7.             In Part C, draw the graph of f(x) = root(x – 1).
8.             The OPPOSITE of this number is the horizontal translation of the graph.
9.             The opposite of -1 is +1. Move the original graph 1 unit right.
10.          In Part D, draw the graph of f(x) = root(x + 7).
11.          The OPPOSITE of this number is the horizontal translation of the graph.
12.          The opposite of +7 is -7. Move the original graph 7 units left.
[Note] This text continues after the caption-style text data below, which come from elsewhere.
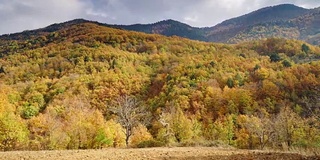 秋天树木森林山景观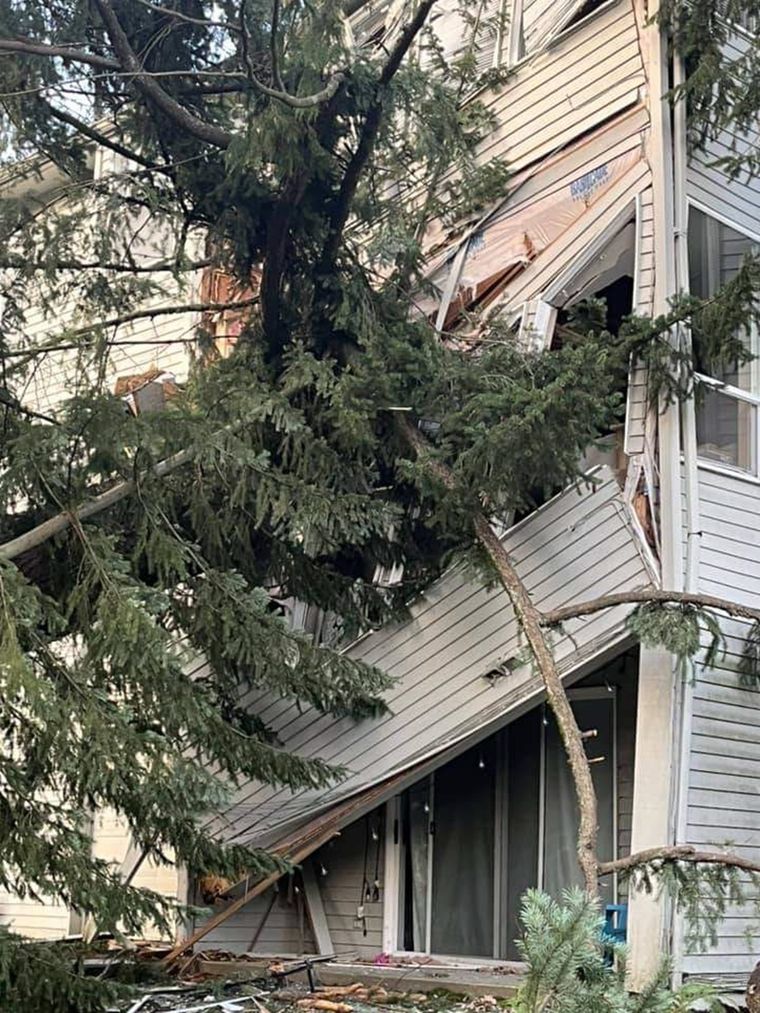 Destrucción en distintos puntos del noroeste de los Estados Unidos por el ciclón bomba Foto: X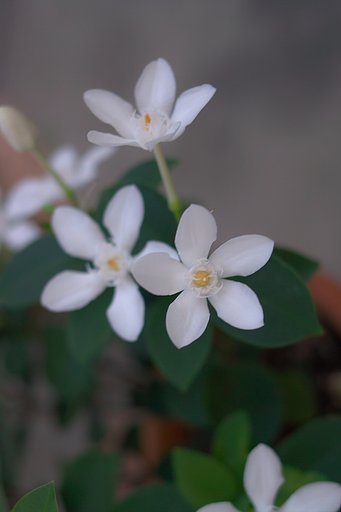 清楚なお花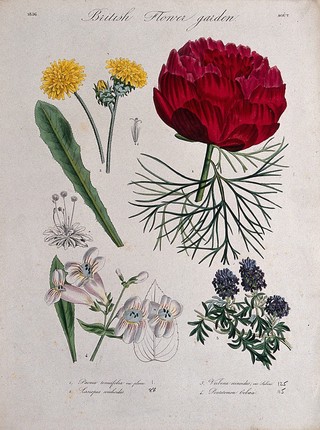 Four British garden plants, including a paeony and penstemon: flowering stems. Coloured etching, c. 1836.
Example 5: Multiple Transformations of Radical Functions

1.             Graph the function of y = root(x) as a reference. In Part A, draw the graph of f(x) = root(x - 3) + 2.
2.             There is a horizontal translation of three units right.
3.             There is also a vertical translation of two units up.
4.             Move the graph 3 units right and 2 units up to get the graph of f(x) = root(x - 3) + 2.
5.             In Part B, draw the graph of f(x) = 2root(x + 4).
6.             There is a vertical stretch by a scale factor of 2.
7.             There is also a horizontal translation of 4 units left.
8.             Double the height of the graph and move it 4 units left. Note that stretches and reflections must be performed before translations.
9.             In Part C, draw the graph of f(x) = -root(x) - 3.
10.          There is a reflection about the x-axis.
11.          There is a vertical translation 3 units down.
12.          Reflect the graph across the x-axis and move it 3 units down. Note that stretches and reflections must be performed before translations.
13.          In Part D, draw the graph of f(x) = root(-2x - 4).
14.          Before you graph this radical function, you need to make sure the binomial within the radical sign is fully factored.
15.          Factor out -2 to get f(x) = root(-2(x + 2)).
16.          The graph is horizontally stretched by a factor of 1/2, reflected about the y-axis, and horizontally translated 2 units left.

NOTE: to find the x-intercept plug in 0 for y into the original equation and solve for x.
            to find the y-intercept plug in 0 for x into the original equation and solve for y.

DETERMINING RADICAL FUNCTIONS
When determining a radical function from a graph the very first step is to draw the graph of y=root(x). Then you can compare the basic graph with the transformed graph.

Determining the a value: examine the graph and detect two x values that are the same for both of the functions (basic function and transformed function). Determine the y values with the corresponding x values. Making a table of values with the basic function on one side and transformed function on the other side in order to compare your values is recommended. Determine the difference between the two y-values from the two different functions. The difference is the a value

Determining the b value: examine the graph and detect two y values that are the same for both of the functions (basic function and transformed function). Determine the x values with the corresponding y values. Determine the difference between the two x-values from the two different functions. The difference is the b value.